Work order: Using the data that follows, give again word for word the lines between the one holding "Új Shimano 105 di2 szett 2×12" and the one holding "casa indipendente in vendita ad Ostra Vetere", inclusive. Omit the pictures.

Data for review:

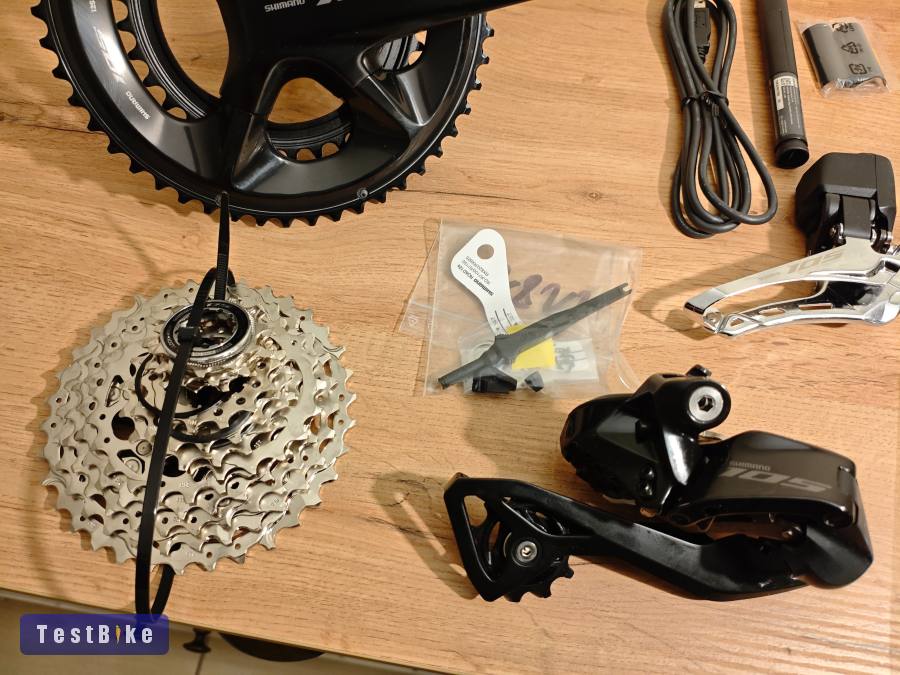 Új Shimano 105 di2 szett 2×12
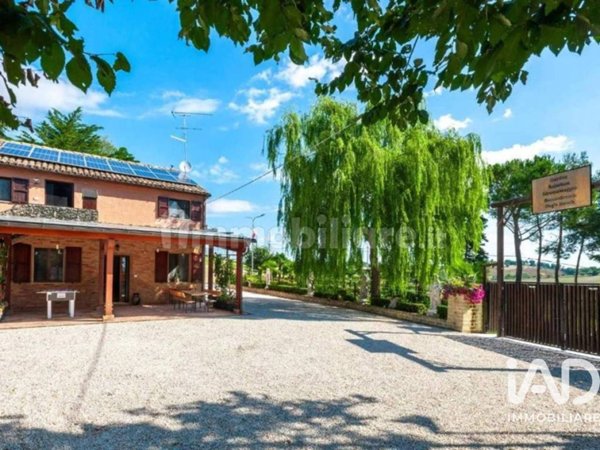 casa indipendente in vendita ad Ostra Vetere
---
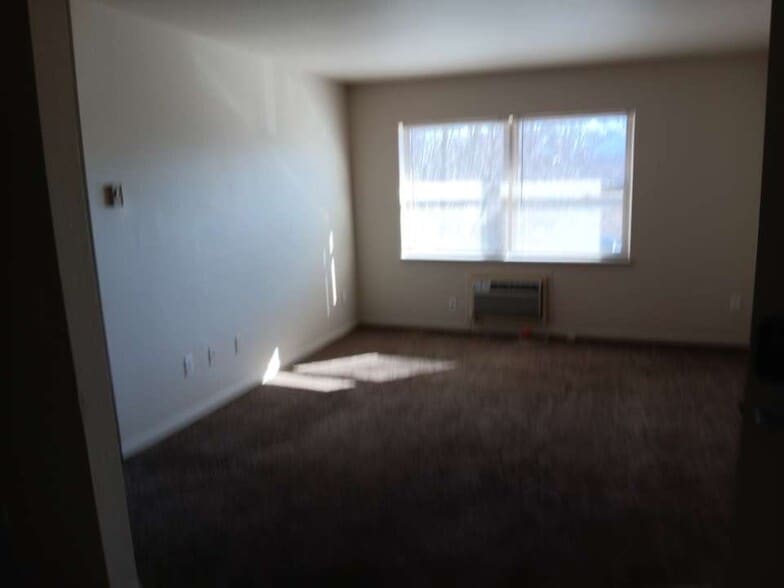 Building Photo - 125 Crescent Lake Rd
...
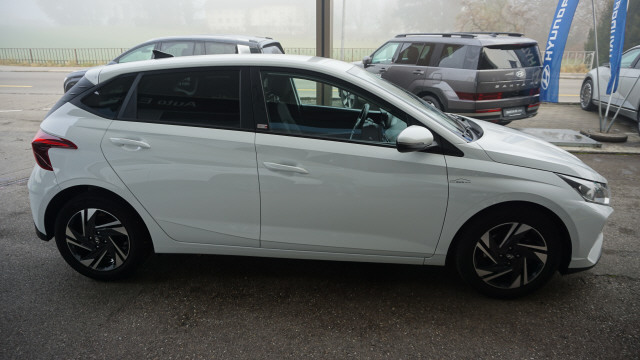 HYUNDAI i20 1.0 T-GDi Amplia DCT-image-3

Result of this task:
 Új Shimano 105 di2 szett 2×12
 casa indipendente in vendita ad Ostra Vetere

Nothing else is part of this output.